The Other Kind of Climate Denialism - cribbles
https://www.newyorker.com/science/elements/the-other-kind-of-climate-denialism
======
blastbeat
> Decarbonizing the economy will be difficult, but it must be done.

Nothing like that is going to happen, as it didn't in the past. To this day we
are on straightaway on the "business as usual" trajectory, which ends in
collaps. See also

[https://www.theguardian.com/commentisfree/2014/sep/02/limits...](https://www.theguardian.com/commentisfree/2014/sep/02/limits-
to-growth-was-right-new-research-shows-were-nearing-collapse)

------
sykic
This quote from the article stuck out to me:

 _Wallace-Wells hits this note in his book, too, writing, “We seem most
comfortable adopting a learned posture of powerlessness.” As uncertainty and
denial about climate have diminished, they have been replaced by similarly
paralyzing feelings of panic, anxiety, and resignation._

I certainly fall into this group.
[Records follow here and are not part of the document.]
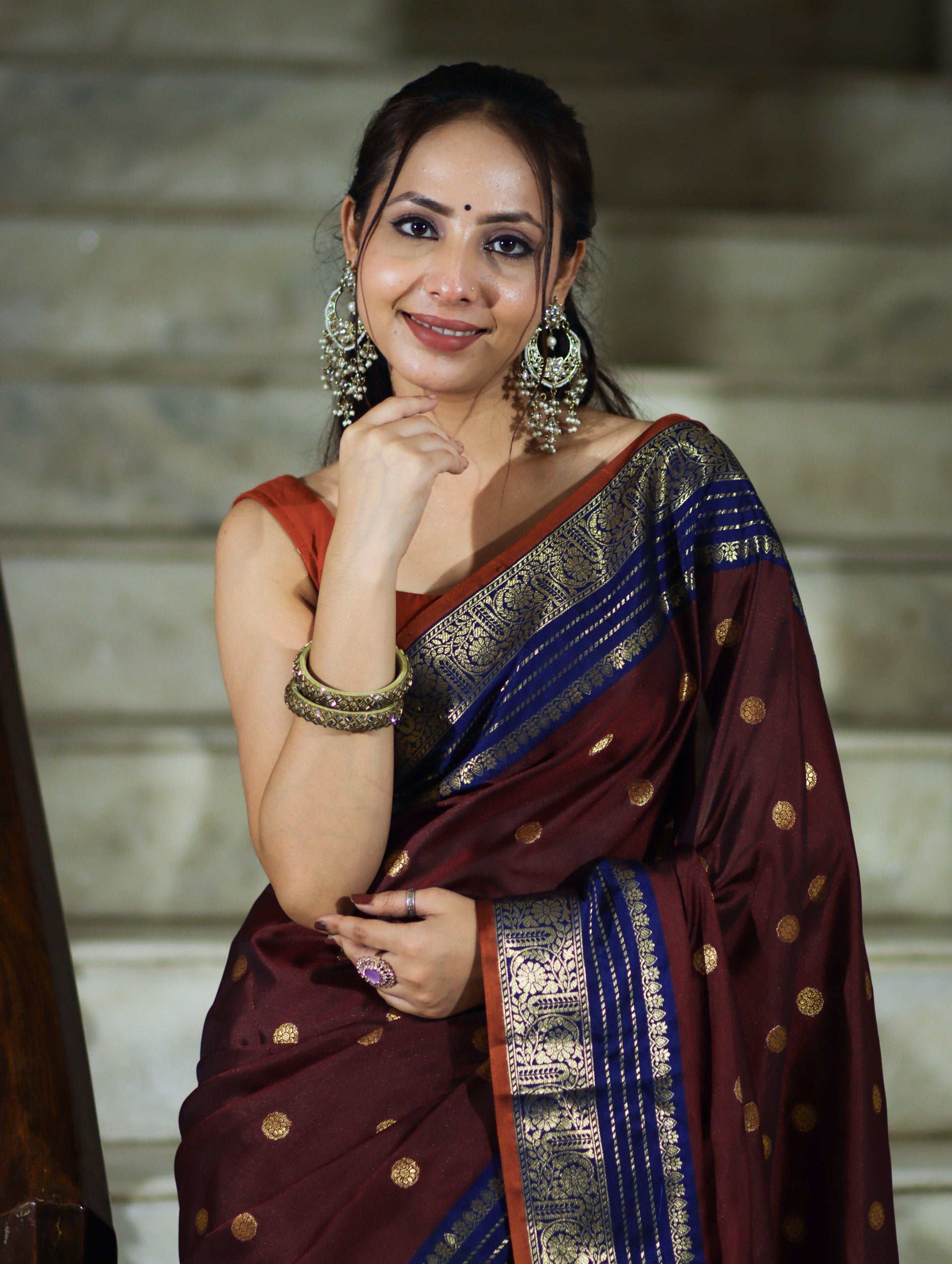 Banarasee Handloom Semi Silk Saree With Buti Design & Contrast Border-Burgundy & Blue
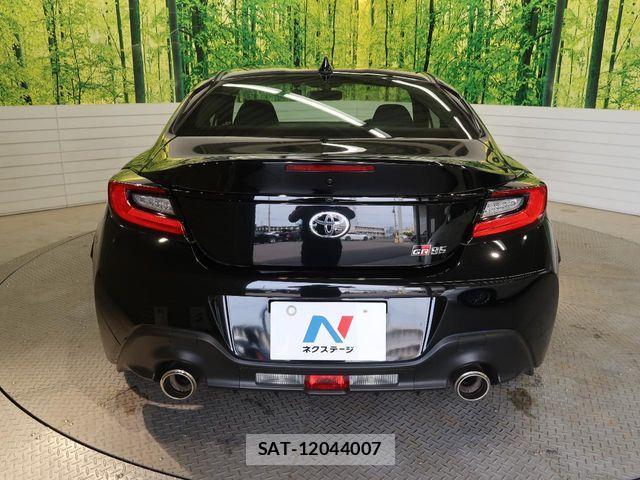 Toyota GR86 2023-06 7219043-15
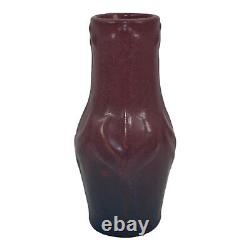 Van Briggle 1918 Arts And Crafts Pottery Mulberry Red Stylized Flowers Vase 821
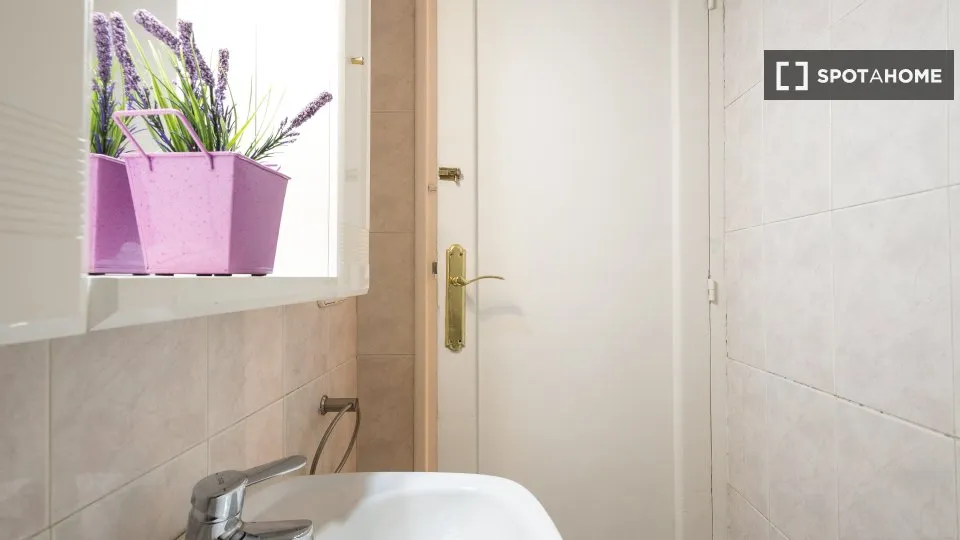 Salles de bain - Shared Flat with Modern Design in Salamanca, Madrid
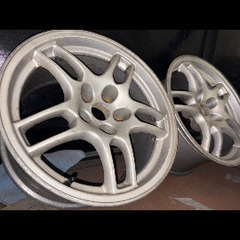 33GT-R純正ホイールの画像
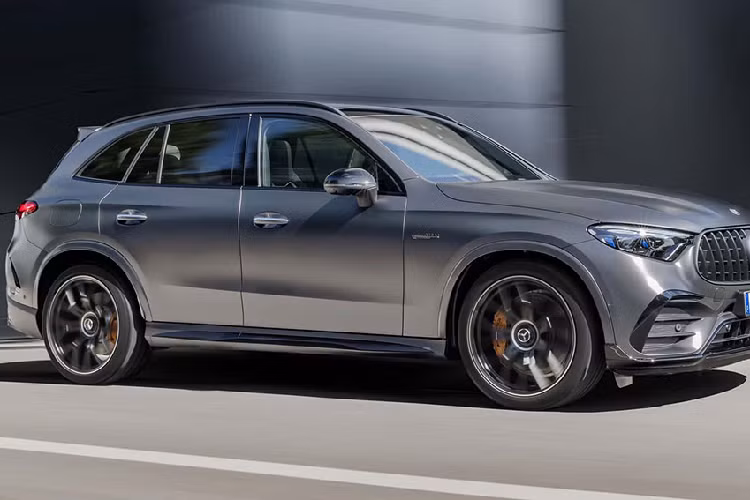Định vị cao cấp hơn - AMG GLC 63 S E Performance - được trang bị "trái tim mạnh mẽ" I4 2.0L tăng áp kép đi kèm một mô-tơ điện ở cầu sau, cho sức mạnh tối đa lên tới 671 mã lực và 1.020 Nm lực mô-men xoắn. Chỉ riêng khối động cơ đốt trong 4 xi lanh tăng áp kép kể trên cũng cho ra công suất tới 469 mã lực và 545 Nm lực kéo - xứng đáng với ngôi vị khối động cơ 4 xi lanh thẳng hàng mạnh nhất thế giới!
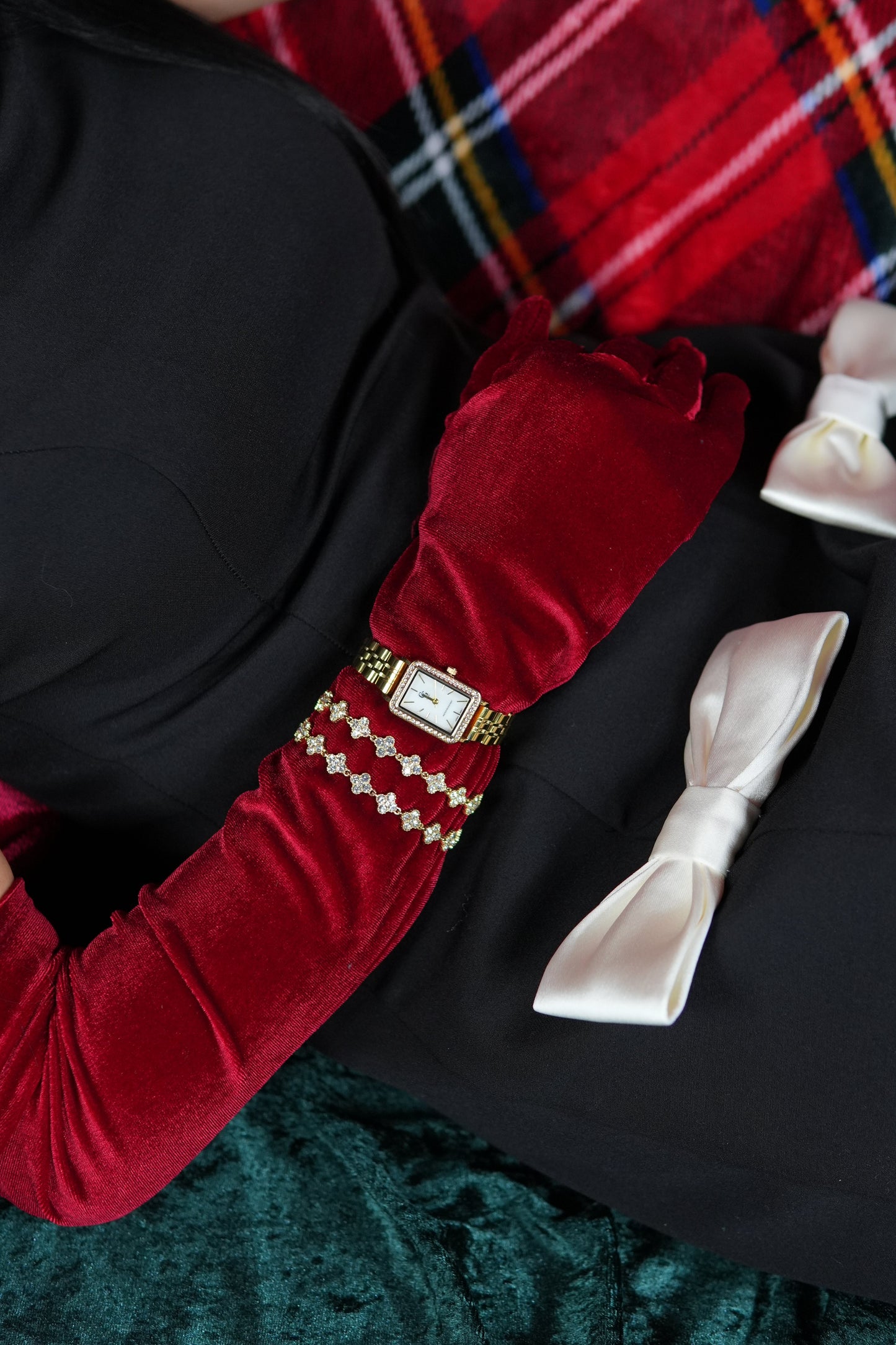 Bracciale in oro e zaffiri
I sometimes think it’d be better to stop
talking about climate change and instead talk about how we all would like to
breather clean air, have plastic free rivers and lakes, and soil that isn’t
contaminated. I don’t know anyone who is opposed to such things and maybe
changing the conversation to these things would sidestep those who believe
that climate change is a leftist hoax.

One thing from the article that I did not know and have never heard before is
this:

 _As atmospheric carbon levels rise, plants produce more sugars and fewer
nutrients—by 2050, vegetables will be turning into junk food._

Anecdotally it’s been my experience that increasingly fruit that I buy is
becoming tasteless and bland. I don’t know the cause or if indeed it’s true
but fruit from childhood seems to have tasted better.